**Dataset extract**:
* * * *

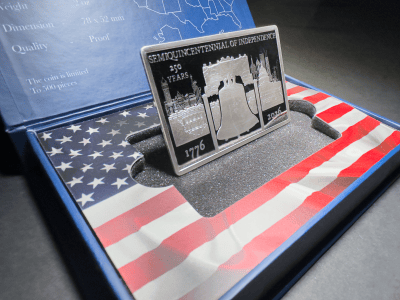 Liberia - 2026 - 5 Dollars - 250th anniversary of U.S. independence 2oz silver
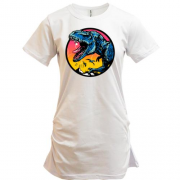 Подовжена футболка з динозавром (Be wild)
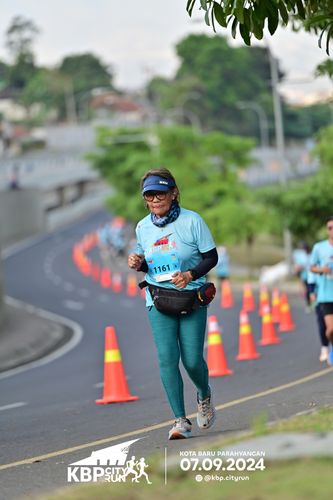 Race photo from KBP City Run 2024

* * * *

**About this task**:
With the pictures excluded, restate the material exactly as it stands.

**Result**:
 Liberia - 2026 - 5 Dollars - 250th anniversary of U.S. independence 2oz silver
 Подовжена футболка з динозавром (Be wild)
 Race photo from KBP City Run 2024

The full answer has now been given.